In [None]:
import boto3
import botocore.session
from boto3.s3.transfer import TransferConfig
import os
from pyspark.sql import SparkSession
from pyspark.sql.functions import regexp_extract, col, split, udf, \
                                  split, monotonically_increasing_id
from pyspark.ml.feature import StringIndexer
from pyspark import SparkConf, SparkContext
from pyspark.sql.types import StringType, ArrayType, DoubleType
import io
from PIL import Image
import numpy as np
from pyspark.mllib.feature import StandardScaler, StandardScalerModel
from pyspark.ml.linalg import Vectors, VectorUDT
from pyspark.mllib.linalg.distributed import RowMatrix
from pyspark.ml.feature import StandardScaler, PCA
from datetime import datetime
from pyspark.ml import Pipeline
from pyspark.ml.functions import vector_to_array
import re

In [None]:
# Tensorflow 2 = INFO and WARNING messages are not printed

os.environ['TF_CPP_MIN_LOG_LEVEL'] = '3'

from keras.applications.vgg16 import VGG16

<h1>Set UP

<h6>Pyspark Config

In [None]:
session = botocore.session.get_session()
credentials = session.get_credentials()

os.environ['PYSPARK_SUBMIT_ARGS'] = \
    '--packages com.amazonaws:aws-java-sdk-pom:1.12.249,org.apache.hadoop:hadoop-aws:3.3.1 pyspark-shell'

In [None]:
spark = SparkSession \
    .builder\
    .appName("ETL Pipeline")\
    .master("local[2]")\
    .config("spark.hadoop.fs.s3a.access.key", credentials.access_key)\
    .config("spark.hadoop.fs.s3a.secret.key", credentials.secret_key)\
    .config("spark.hadoop.fs.s3a.impl", "org.apache.hadoop.fs.s3a.S3AFileSystem")\
    .getOrCreate()

In [None]:
spark

<h6>Bucket

In [None]:
s3_object_path = "s3a://oc-project-8-bucket/Sub_S3/**"
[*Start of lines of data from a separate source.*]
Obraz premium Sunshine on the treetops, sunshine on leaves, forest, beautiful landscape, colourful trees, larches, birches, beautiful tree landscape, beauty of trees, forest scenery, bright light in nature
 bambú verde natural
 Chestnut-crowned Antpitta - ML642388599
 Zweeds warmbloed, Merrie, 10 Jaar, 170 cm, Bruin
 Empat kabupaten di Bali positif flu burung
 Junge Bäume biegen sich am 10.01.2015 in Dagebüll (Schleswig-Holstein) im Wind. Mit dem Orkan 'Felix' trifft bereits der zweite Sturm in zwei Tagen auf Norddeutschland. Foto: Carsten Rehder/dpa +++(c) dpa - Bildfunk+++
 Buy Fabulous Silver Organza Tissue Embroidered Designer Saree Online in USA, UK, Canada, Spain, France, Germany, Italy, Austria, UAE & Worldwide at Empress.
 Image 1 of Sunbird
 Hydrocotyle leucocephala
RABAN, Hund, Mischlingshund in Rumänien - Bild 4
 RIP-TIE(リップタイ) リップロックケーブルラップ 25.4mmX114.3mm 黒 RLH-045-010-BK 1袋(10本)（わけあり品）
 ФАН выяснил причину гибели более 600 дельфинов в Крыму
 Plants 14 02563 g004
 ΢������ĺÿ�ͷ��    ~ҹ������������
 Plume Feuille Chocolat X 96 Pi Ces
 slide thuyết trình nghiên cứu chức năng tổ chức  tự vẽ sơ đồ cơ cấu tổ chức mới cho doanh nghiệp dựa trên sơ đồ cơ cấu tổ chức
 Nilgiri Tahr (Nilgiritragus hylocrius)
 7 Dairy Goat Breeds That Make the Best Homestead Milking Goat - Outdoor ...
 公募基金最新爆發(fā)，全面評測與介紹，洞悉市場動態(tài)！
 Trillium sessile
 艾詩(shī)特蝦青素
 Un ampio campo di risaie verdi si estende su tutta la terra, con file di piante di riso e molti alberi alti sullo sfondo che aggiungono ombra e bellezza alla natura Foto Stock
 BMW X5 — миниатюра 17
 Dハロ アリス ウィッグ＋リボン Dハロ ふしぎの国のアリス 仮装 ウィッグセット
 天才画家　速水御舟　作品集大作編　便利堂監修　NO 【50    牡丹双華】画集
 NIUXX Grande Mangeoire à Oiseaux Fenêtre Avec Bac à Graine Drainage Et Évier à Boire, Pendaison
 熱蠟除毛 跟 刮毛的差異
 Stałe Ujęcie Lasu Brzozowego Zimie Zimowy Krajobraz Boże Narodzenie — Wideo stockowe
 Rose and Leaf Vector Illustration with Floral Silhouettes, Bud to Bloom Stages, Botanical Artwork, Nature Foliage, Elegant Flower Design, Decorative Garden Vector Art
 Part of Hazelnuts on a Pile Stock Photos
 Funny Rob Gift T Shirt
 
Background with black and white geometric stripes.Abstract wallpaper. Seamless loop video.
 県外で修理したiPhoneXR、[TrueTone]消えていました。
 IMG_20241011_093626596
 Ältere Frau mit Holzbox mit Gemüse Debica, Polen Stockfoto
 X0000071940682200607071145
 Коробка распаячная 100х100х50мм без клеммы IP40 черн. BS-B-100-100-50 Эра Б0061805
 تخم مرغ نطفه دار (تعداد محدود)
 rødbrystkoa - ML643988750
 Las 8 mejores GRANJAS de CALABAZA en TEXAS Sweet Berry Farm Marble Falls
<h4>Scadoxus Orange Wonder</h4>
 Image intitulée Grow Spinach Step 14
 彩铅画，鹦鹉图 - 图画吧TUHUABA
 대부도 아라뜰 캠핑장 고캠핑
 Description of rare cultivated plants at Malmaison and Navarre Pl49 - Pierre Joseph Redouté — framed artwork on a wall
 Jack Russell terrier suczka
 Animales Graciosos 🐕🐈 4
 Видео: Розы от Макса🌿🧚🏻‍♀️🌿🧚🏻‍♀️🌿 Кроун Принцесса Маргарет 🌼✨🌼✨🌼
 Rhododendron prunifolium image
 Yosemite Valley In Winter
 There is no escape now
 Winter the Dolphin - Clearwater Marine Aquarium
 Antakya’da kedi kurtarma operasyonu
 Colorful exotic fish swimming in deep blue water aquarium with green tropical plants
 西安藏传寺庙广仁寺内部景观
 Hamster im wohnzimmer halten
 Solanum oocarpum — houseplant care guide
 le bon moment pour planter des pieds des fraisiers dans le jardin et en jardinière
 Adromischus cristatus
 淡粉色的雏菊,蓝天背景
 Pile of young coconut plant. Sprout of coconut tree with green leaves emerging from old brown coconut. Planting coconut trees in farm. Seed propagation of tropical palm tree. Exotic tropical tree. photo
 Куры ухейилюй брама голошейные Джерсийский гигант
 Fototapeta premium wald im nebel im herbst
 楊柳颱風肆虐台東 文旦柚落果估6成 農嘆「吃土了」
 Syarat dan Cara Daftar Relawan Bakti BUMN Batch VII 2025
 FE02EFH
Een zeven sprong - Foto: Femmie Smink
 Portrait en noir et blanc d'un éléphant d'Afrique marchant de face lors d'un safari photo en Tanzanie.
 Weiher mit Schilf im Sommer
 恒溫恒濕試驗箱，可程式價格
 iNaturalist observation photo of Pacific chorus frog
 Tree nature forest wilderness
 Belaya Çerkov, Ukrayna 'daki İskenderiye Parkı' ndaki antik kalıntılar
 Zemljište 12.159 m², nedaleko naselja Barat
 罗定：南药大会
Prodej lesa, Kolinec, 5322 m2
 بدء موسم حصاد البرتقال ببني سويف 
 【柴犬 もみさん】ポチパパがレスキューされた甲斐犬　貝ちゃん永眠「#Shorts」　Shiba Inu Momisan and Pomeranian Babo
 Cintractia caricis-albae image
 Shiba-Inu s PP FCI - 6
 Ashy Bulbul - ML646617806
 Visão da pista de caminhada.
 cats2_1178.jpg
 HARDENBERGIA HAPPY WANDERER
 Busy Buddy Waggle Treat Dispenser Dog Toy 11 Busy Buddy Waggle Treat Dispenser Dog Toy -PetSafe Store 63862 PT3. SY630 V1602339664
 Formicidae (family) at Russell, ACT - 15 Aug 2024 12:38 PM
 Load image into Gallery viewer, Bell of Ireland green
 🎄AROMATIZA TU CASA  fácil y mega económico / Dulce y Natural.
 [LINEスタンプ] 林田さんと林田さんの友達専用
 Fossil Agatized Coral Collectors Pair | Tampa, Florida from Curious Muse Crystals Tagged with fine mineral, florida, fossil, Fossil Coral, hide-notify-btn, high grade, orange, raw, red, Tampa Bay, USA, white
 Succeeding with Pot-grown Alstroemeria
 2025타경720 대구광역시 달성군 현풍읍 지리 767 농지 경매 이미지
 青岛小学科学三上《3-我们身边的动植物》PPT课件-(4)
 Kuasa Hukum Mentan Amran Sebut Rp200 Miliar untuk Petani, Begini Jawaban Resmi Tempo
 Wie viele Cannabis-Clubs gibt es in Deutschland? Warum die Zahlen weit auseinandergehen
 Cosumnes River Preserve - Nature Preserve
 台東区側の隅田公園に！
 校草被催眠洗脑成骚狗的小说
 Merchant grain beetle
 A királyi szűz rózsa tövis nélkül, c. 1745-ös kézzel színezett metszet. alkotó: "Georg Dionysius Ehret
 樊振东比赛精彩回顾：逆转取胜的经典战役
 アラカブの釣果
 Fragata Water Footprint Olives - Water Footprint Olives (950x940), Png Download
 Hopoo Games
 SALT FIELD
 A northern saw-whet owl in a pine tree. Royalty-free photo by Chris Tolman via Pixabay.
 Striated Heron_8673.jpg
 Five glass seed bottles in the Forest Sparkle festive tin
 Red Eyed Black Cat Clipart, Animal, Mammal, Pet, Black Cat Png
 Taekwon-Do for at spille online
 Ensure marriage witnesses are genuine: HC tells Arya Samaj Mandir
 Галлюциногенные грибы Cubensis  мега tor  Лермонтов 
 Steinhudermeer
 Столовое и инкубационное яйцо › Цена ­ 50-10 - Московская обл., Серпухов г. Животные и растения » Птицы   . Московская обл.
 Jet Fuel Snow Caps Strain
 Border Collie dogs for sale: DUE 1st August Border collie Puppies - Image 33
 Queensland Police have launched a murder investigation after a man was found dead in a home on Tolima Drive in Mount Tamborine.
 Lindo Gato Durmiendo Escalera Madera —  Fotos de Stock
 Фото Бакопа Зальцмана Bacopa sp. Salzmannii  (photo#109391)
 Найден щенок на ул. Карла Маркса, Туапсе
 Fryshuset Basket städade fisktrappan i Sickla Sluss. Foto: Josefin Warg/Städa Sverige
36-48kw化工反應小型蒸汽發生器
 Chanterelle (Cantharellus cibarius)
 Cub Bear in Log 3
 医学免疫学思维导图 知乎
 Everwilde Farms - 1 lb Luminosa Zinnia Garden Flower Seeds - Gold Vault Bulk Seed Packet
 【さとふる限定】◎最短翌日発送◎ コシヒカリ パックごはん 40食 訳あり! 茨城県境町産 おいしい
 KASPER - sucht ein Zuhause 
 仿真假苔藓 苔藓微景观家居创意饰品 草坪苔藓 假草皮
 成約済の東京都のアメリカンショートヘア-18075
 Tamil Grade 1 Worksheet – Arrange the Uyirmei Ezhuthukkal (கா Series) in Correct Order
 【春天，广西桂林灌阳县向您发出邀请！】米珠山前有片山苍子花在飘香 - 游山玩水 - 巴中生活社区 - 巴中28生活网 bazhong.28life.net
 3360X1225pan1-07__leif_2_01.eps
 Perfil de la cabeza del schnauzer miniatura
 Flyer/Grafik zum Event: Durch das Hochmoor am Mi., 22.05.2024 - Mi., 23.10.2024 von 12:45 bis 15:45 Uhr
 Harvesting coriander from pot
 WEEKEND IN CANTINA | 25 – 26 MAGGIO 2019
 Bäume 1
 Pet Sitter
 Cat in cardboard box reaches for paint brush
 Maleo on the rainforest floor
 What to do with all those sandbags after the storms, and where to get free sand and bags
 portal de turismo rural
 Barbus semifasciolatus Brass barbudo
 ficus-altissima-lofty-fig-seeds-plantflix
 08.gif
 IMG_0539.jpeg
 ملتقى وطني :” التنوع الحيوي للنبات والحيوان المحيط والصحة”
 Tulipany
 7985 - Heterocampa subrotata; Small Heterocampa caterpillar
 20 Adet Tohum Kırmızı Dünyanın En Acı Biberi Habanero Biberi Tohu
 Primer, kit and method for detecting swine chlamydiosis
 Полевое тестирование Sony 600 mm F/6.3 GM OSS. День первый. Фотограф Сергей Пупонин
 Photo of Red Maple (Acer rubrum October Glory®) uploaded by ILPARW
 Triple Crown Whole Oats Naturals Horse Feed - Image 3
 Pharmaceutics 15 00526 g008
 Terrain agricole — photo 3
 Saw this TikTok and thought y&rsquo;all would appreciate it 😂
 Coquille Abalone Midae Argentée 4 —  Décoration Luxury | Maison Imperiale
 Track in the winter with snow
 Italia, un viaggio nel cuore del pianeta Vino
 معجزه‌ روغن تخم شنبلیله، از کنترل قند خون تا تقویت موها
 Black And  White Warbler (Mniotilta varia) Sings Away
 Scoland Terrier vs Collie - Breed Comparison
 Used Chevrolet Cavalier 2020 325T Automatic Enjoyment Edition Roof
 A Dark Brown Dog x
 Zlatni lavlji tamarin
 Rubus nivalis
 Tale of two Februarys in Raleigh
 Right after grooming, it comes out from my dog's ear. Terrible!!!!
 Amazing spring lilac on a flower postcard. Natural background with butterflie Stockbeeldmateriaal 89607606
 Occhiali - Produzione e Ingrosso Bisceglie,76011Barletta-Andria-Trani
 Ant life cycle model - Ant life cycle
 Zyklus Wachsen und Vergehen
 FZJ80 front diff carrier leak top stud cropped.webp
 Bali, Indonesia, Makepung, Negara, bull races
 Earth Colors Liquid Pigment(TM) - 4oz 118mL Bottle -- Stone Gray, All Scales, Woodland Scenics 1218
<h6> Tensorflow Model (VGG16)

In [None]:
model = VGG16(weights="imagenet",
                     pooling='max', 
                     include_top=False,
                     input_shape=(224, 224, 3))

for layer in model.layers:
            layer.trainable = False

model.compile()
model.summary()

<h6>UDF

In [None]:
# Functions

def feature_extract(bytes_type):

    lambda_list = np.asarray(Image.open(io.BytesIO(bytes_type)).resize((224,224)))
    
    vectorized = model.predict(np.array([lambda_list])).tolist()[0]
                             
    return vectorized

def extract_label(path):
    
    splitted_list = re.split('/', path)
    
    return splitted_list[4]

# UDFs

feature_extract_UDF = udf(lambda x: feature_extract(x), ArrayType(DoubleType()))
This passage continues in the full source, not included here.